Pomponius Mela attributes to the Druidical priestesses of Sena the knowledge of transforming themselves into animals at will.
Proteus, according to Homer's account, becomes a dragon, a lion, or a boar. Eustathius, the commentator, adds, "not really changing but only appearing to do so." Proteus was an adroit worker of miracles, and was well acquainted with the secrets of Egyptian philosophy. He assumed animal shape in order to escape the necessity of foretelling the future when asked to do so but, whenever he saw his endeavours were of no avail, he resumed his natural appearance.
Towards the end of the sixteenth century Joseph Acosta, who resided in Peru, asserts that sorcerers existed there at that time who were capable of assuming any form they pleased. He tells of a ruler of a city in Mexico who was sent for by the predecessor of Montezuma and who transformed himself successively before the eyes of men who tried to seize his person, into a tiger, an eagle, and a serpent. At length he gave in, and being taken before the emperor was condemned to death.
The same kind of power was ascribed, in 1702, by the Bishop of Chiapa (a province of Guatemala) to the Naguals, the national priests who endeavoured to win back the children brought up as Christians by the Government, to the religion of their ancestors. After various ceremonies, the child he was teaching was told to advance and embrace the Nagual. At that moment he assumed a hideous animal form, and as a lion, tiger, or other wild beast, threw the young convert to Christianity into a state of abject terror by appearing chained to him.[94] There, no doubt, hypnotism became a weapon of religious fanaticism.
At the appearance of the monster Ravanas, the gods, becoming alarmed, transform themselves into animals: Indras changes into a peacock, Yamas into a crow, Kuveras into a chameleon, and Varunas into a swan in order to escape the ire of the enemy.
These transformations, says de Gubernatis,[95] instead of being capricious, were necessary and natural to the several gods, for the animal is the shadow that follows the hero and is so closely identified with him that it may often be said to be the hero himself.
Nash, in "Christ's Tears over Jerusalem," 1613, has the following remarkable passage. "They talk of an ox that tolled the bell at Woolwich, and how from an ox he transformed himself into an old man, and from an old man to an infant and into a young man again."

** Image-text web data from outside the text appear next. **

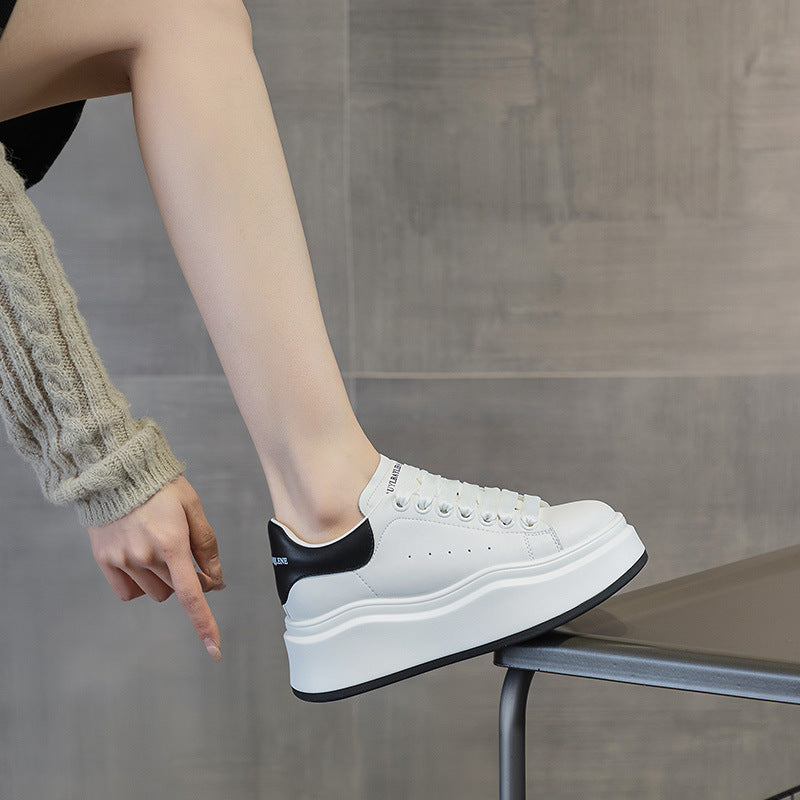 Women's Wave Bottom White Autumn Thick Simple Women's Casual Shoes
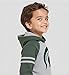Wes and Willy Youth Boys College Long Sleeve Hooded T-Shirt Striped Jersey Hoodie (Michigan State Spartans Gray/Green, Youth Large)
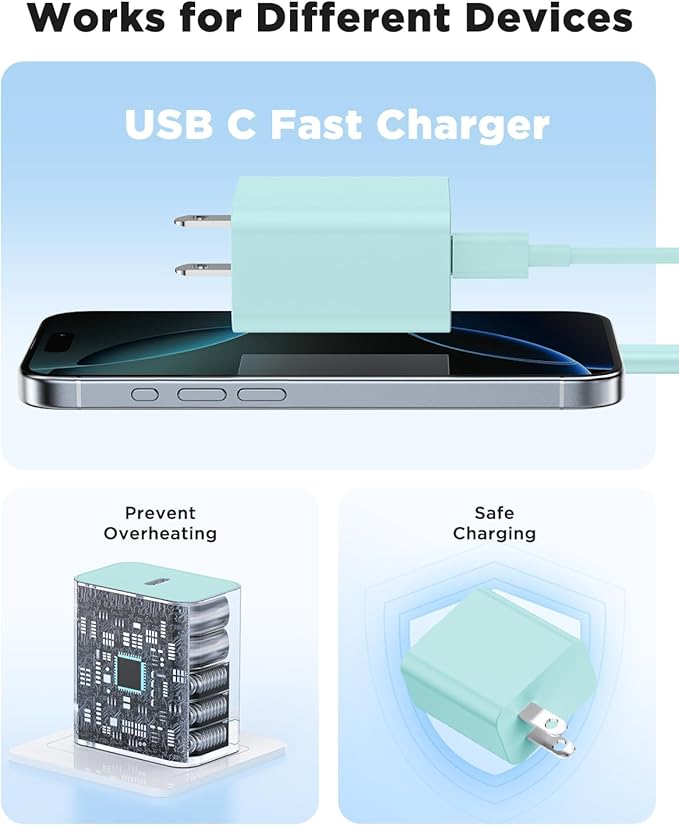 45W iPhone 16 15 Pro Max Charger Fast Charging 6FT/10 FT/10FT, Super Fast USB C Charger Block with Extra Long Type C Charging Cable, PD Quick Adapter 3.0 for iPhone 16 15/16e 15Pro/16 15 Plus-Green
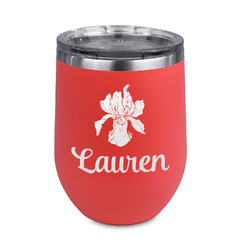 Orchids Stemless Stainless Steel Wine Tumbler - Coral - Double Sided (Personalized)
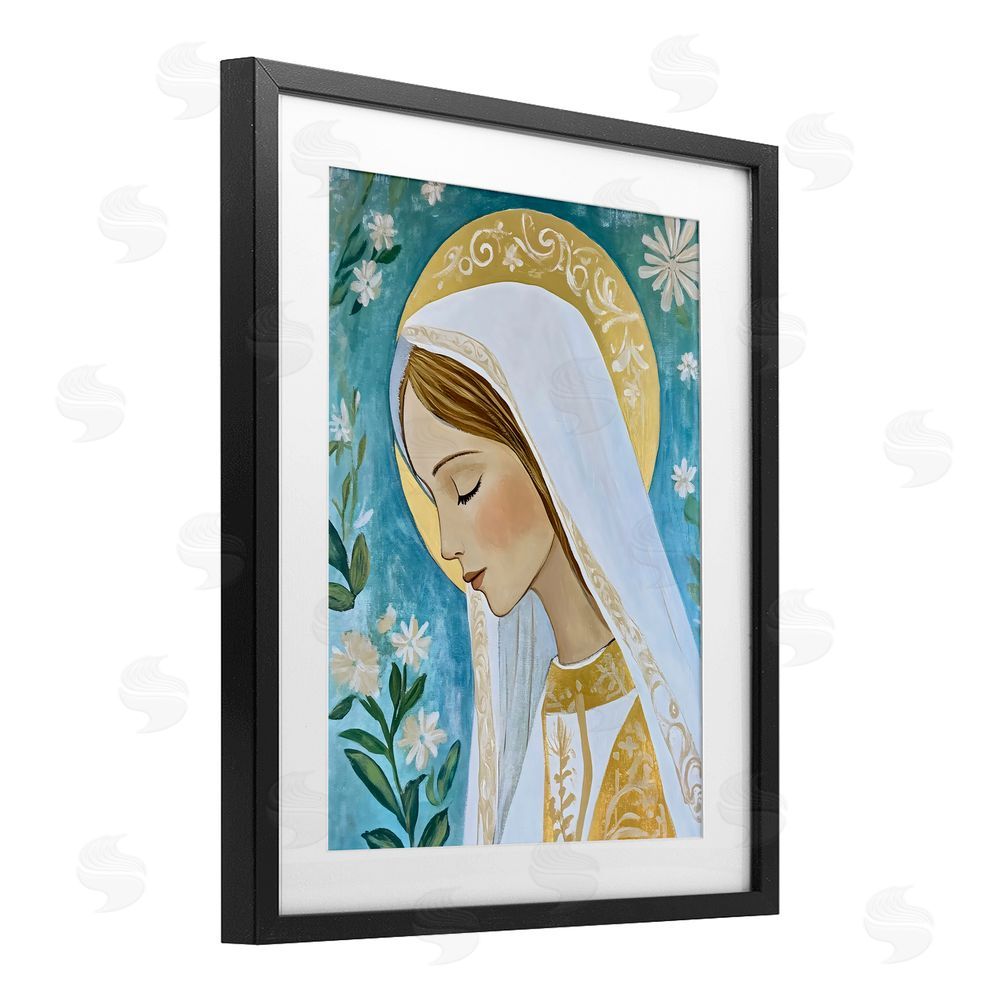 Franklyn Gregory Blessed Mary Portrait Black Framed Print Under Glass with White Mat Wall Art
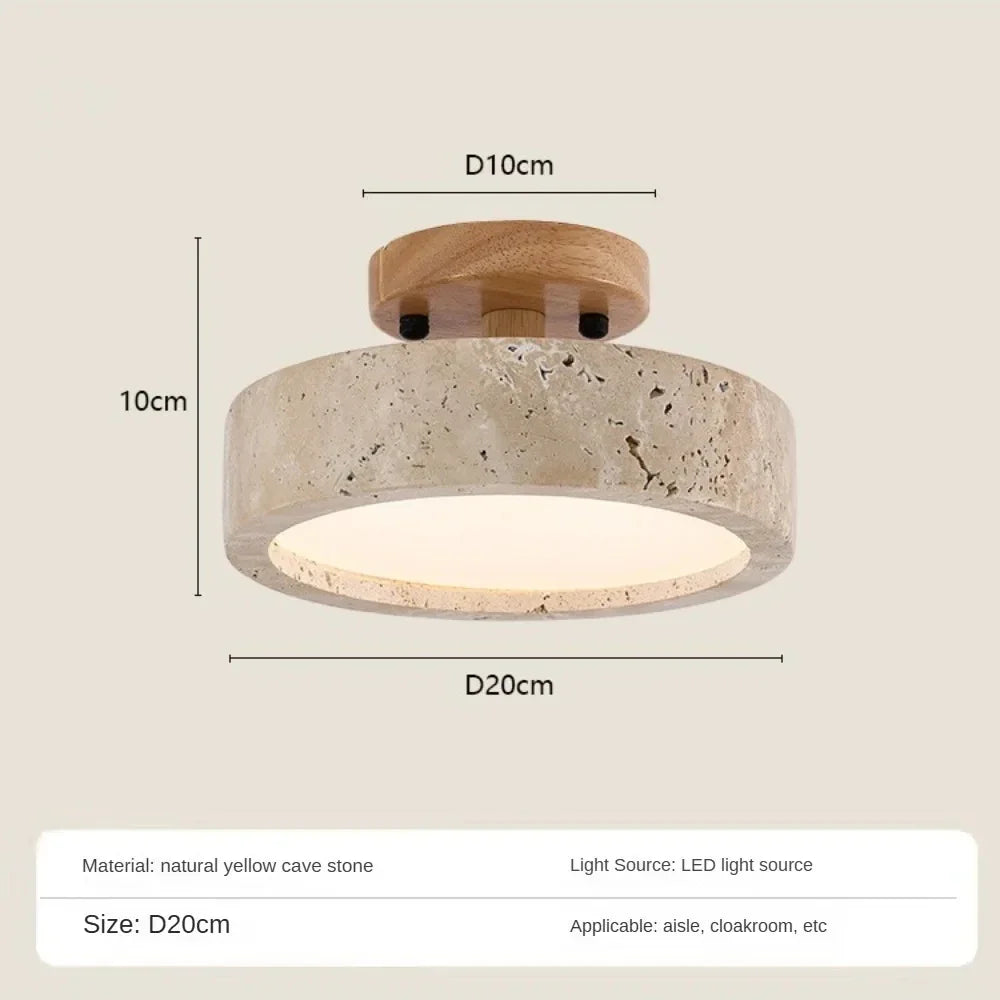 Retro Balcony LED Ceiling Lamp Dressing Room Entrance Hall Corridor Yellow Cave Stones High-end Chandelier Home Lighting Fixture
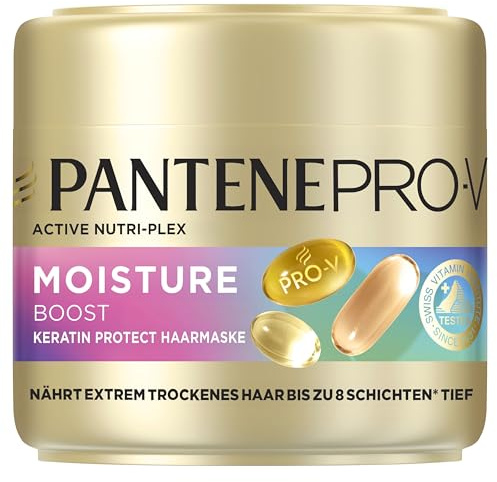 Pantene Pro-V Moisture Boost Keratin Protect Haarmaske 300ml Extrem Trockenes Haar. Nährt bis zu 8 Schichten Tief und Schließt Luftfeuchtigkeit Aus. Pro-V Formel und Active Nutri-Plex-Technologie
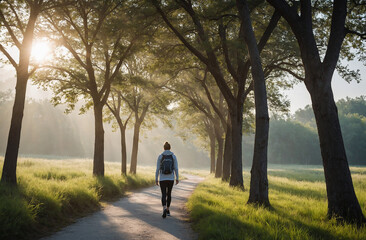 Fototapeta premium morning walk person strolling through a park, enjoying the fresh air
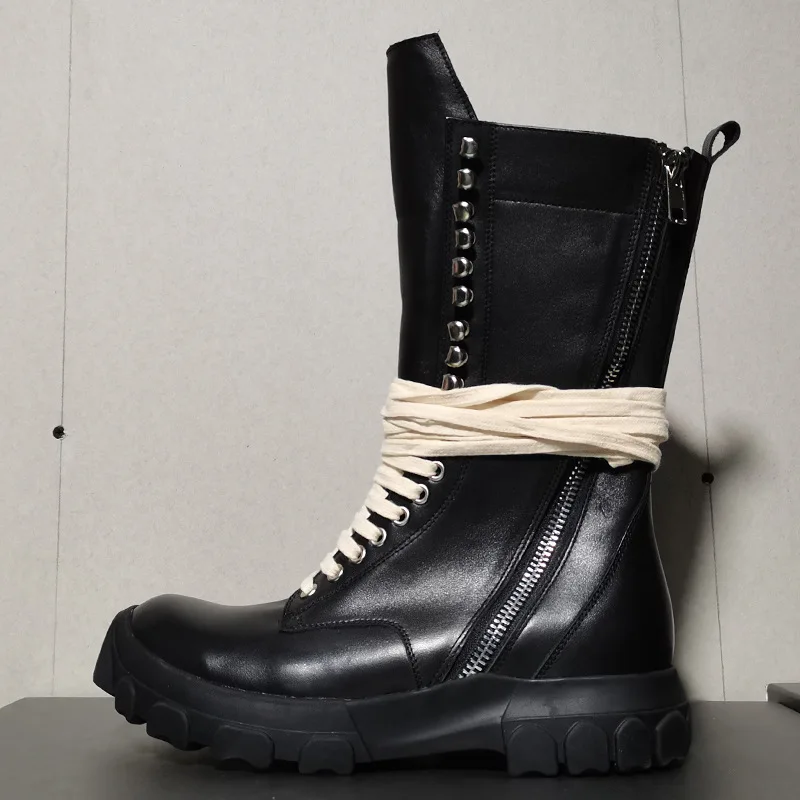 Herren stiefel Lederschuhe für Männer Mitte der Wade schwarz solide Schnürschuhe Herren Freizeit schuhe Höhe zunehmende Schuhe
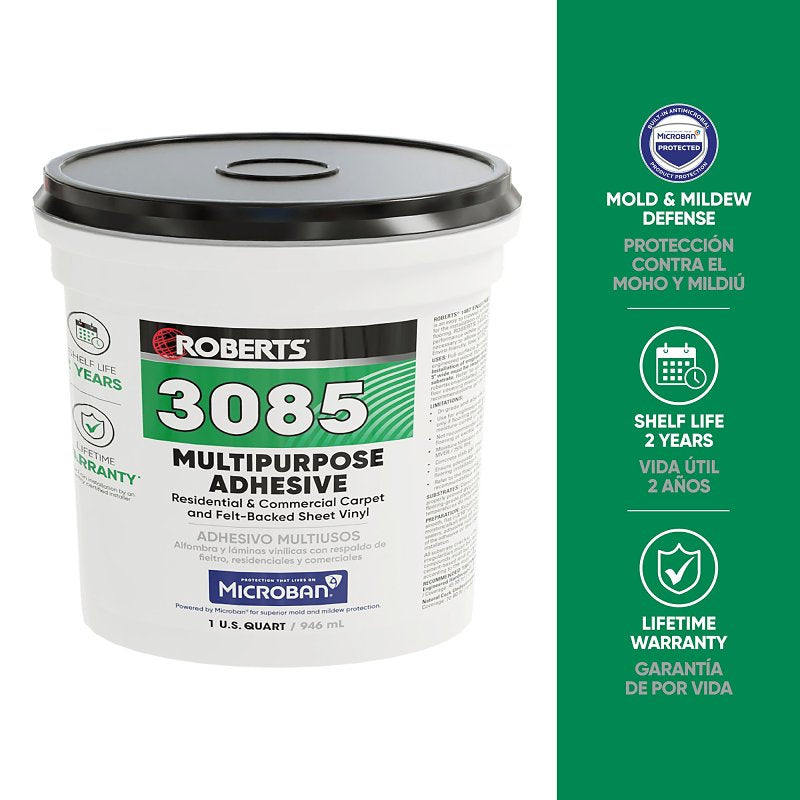 Roberts 3085-0 Multi-Purpose Adhesive, Beige, 1 qt, Pail, Pack of 6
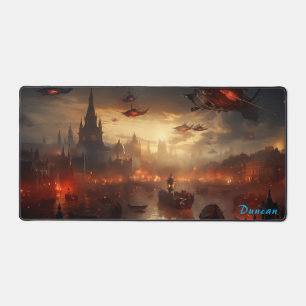 Retro-Himmel in Flammen Steampunk-Luftangriff Schreibtischunterlage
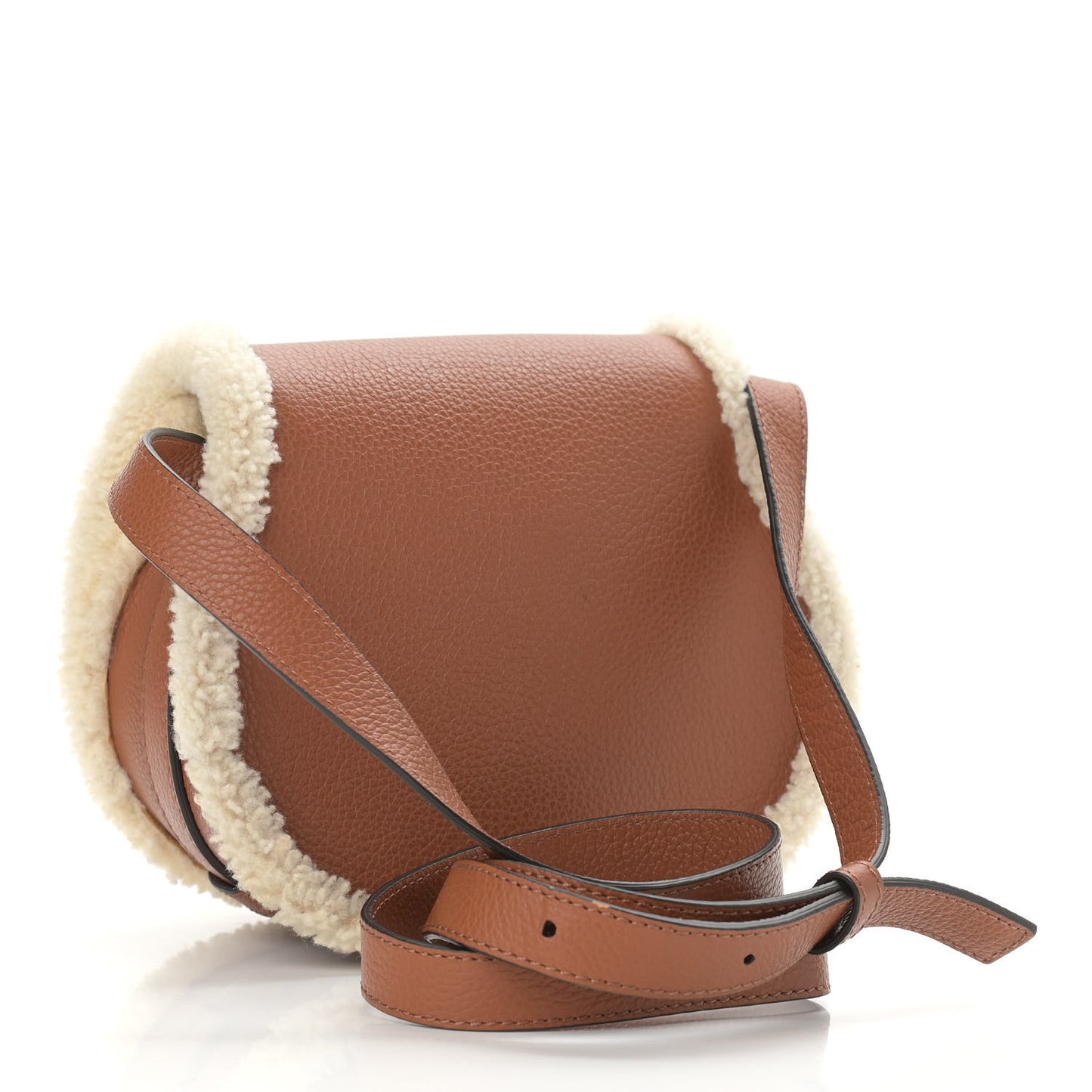 Calfskin Shearling Small Marcie Saddle Bag Caramel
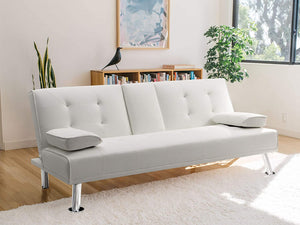 Futon Sofa Bed Modern Faux Leather Couch, Convertible Folding Recliner Lounge Futon Couch for Living Room with 2 Cup Holders with Armrest (White)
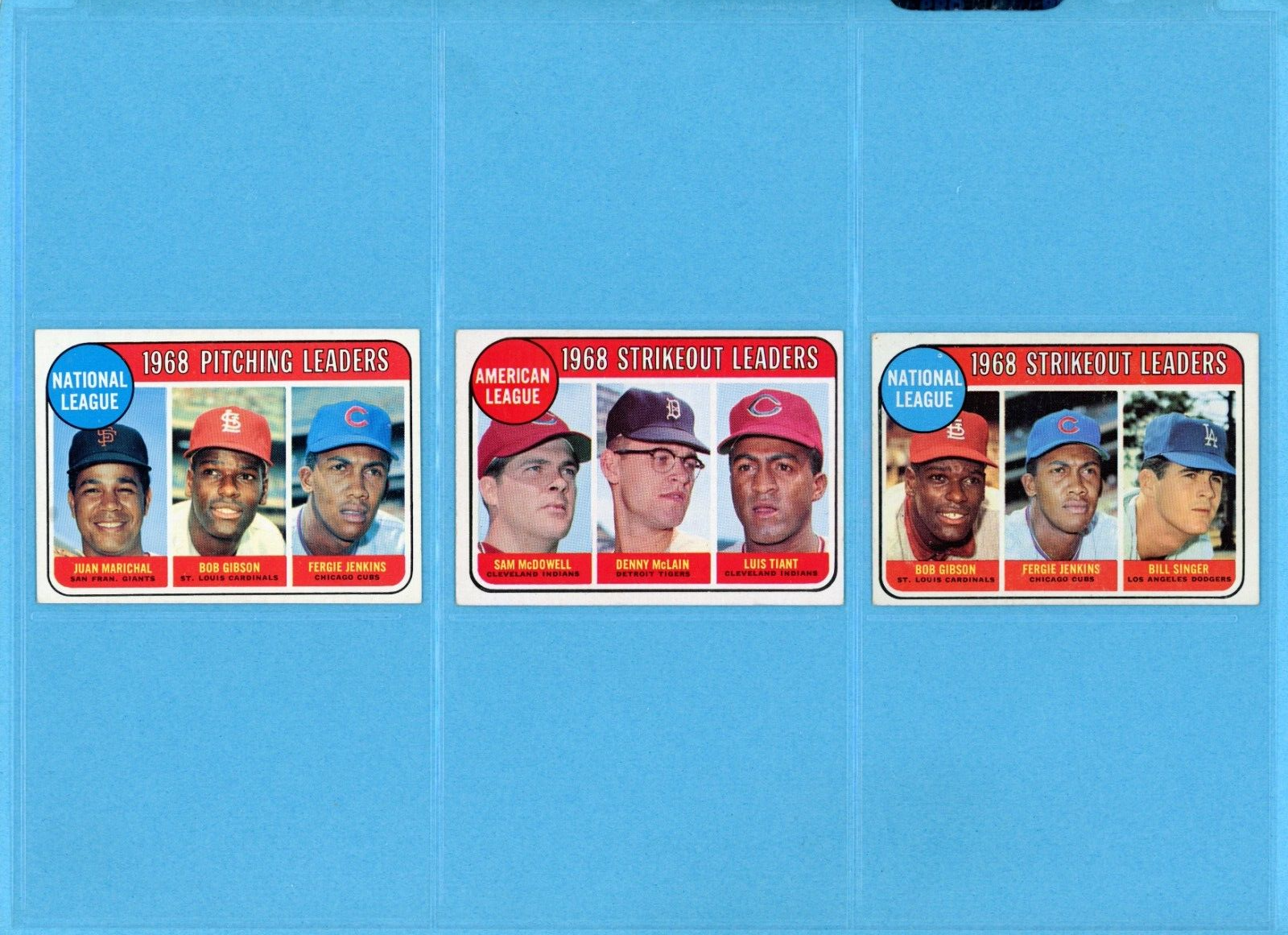 1969 Topps Complete Set of 12 1968 League Leader Baseball Cards EX - EX+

The Egyptians were the first to broach the opinion that the soul of man is immortal and that, when the body dies, it enters into the form of an animal which is born at the moment, thence passing on from one animal to another, until it has circled through the forms of all the creatures which tenant the earth, the water, and the air, after which it enters again into a human frame and is born anew. The whole period of transmigration is (they say) three thousand years.[96]
According to Egyptian beliefs only the souls of wicked men suffered the disgrace of entering the body of an animal when, "weighed in the balance" before the tribunal of Osiris, they were pronounced unworthy to enter the abode of the blessed. The soul was then sent back to the body of a pig.
The doctrine of metempsychosis was borrowed from Egypt by Pythagoras and classical allusions are so numerous that it is impossible to mention more than a few instances.